[WORK ORDER]
Please write out every entry below exactly, leaving out any pictures.

*** DATA ***

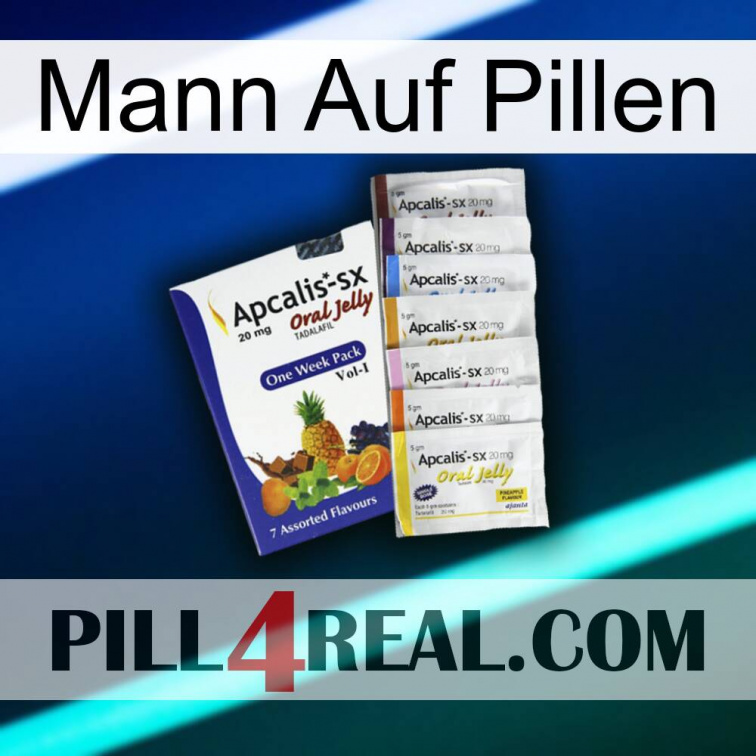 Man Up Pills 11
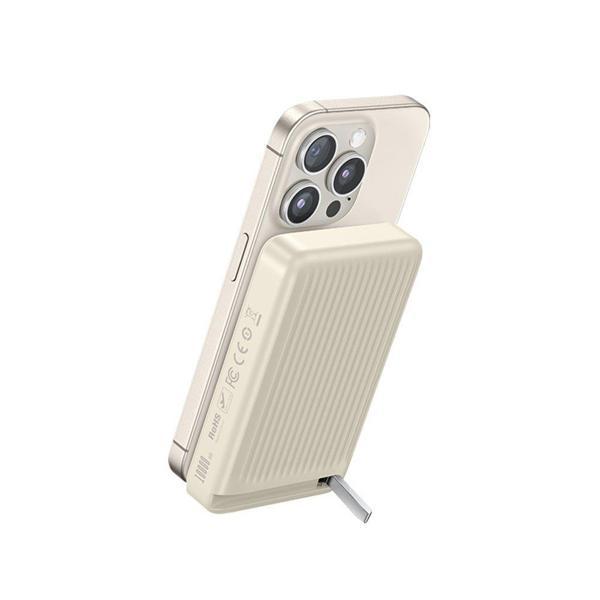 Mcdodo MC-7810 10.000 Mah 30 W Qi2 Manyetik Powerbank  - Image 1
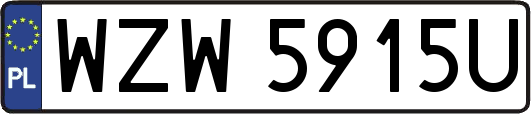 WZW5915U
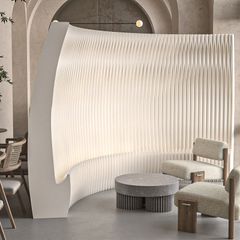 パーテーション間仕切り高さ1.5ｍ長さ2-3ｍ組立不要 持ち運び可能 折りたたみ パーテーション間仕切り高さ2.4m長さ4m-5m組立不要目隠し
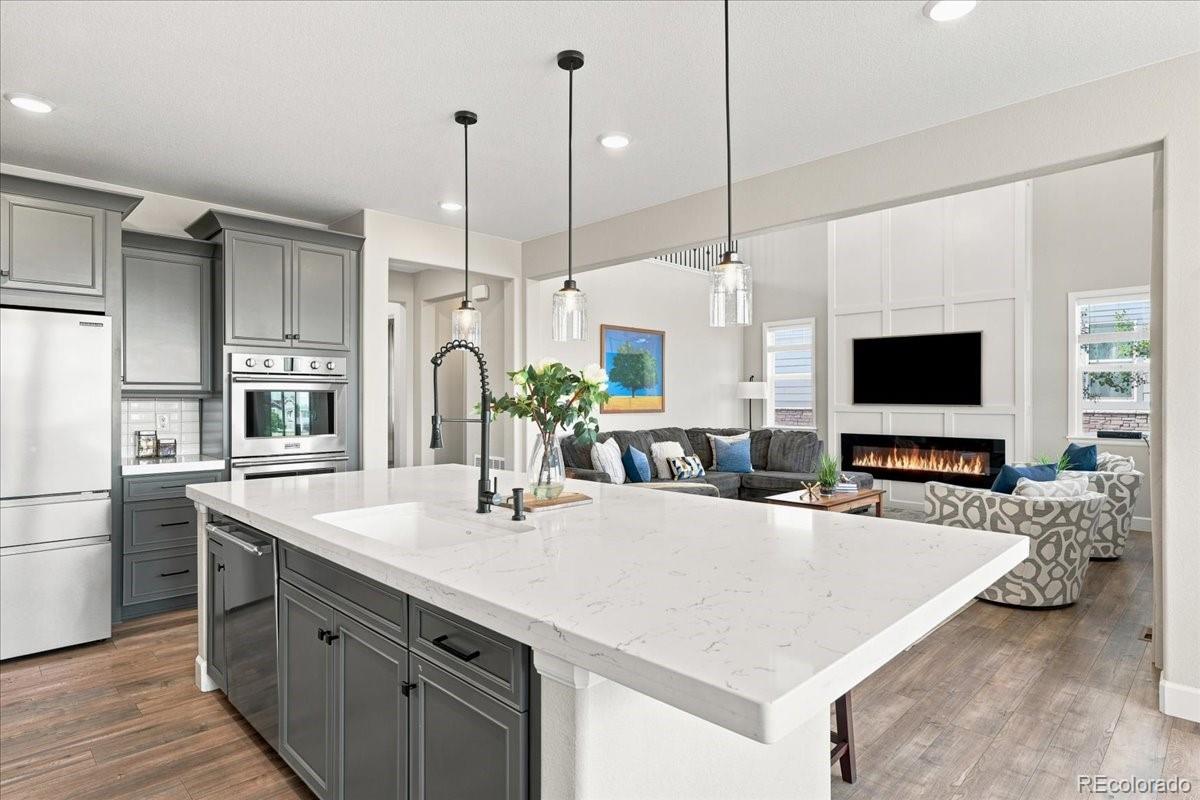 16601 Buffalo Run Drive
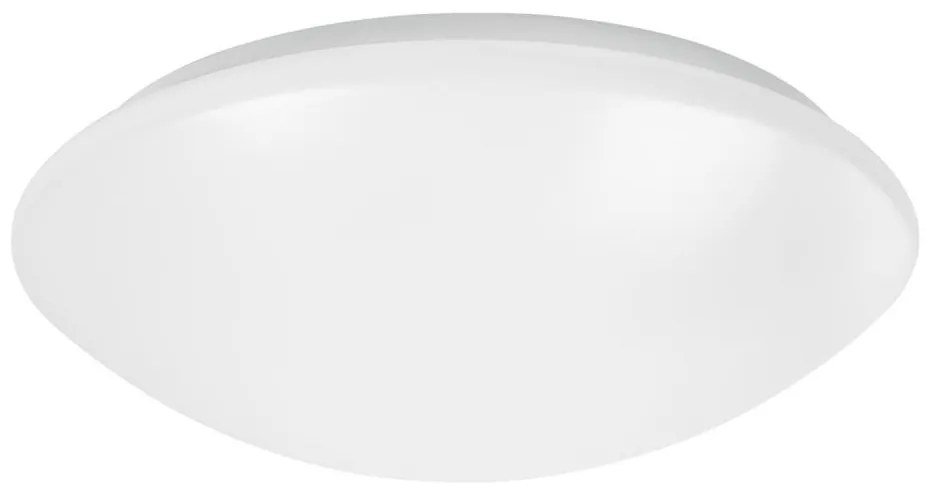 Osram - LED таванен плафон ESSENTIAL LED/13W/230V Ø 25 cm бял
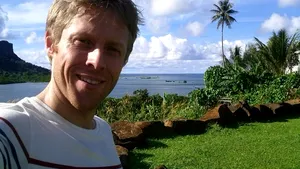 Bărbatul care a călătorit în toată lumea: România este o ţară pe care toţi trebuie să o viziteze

*** End of DATA ***

[SOLUTION FOR THIS PROBLEM]
 Man Up Pills 11
 Mcdodo MC-7810 10.000 Mah 30 W Qi2 Manyetik Powerbank  - Image 1
 WZW5915U
 パーテーション間仕切り高さ1.5ｍ長さ2-3ｍ組立不要 持ち運び可能 折りたたみ パーテーション間仕切り高さ2.4m長さ4m-5m組立不要目隠し
 16601 Buffalo Run Drive
 Osram - LED таванен плафон ESSENTIAL LED/13W/230V Ø 25 cm бял
 Bărbatul care a călătorit în toată lumea: România este o ţară pe care toţi trebuie să o viziteze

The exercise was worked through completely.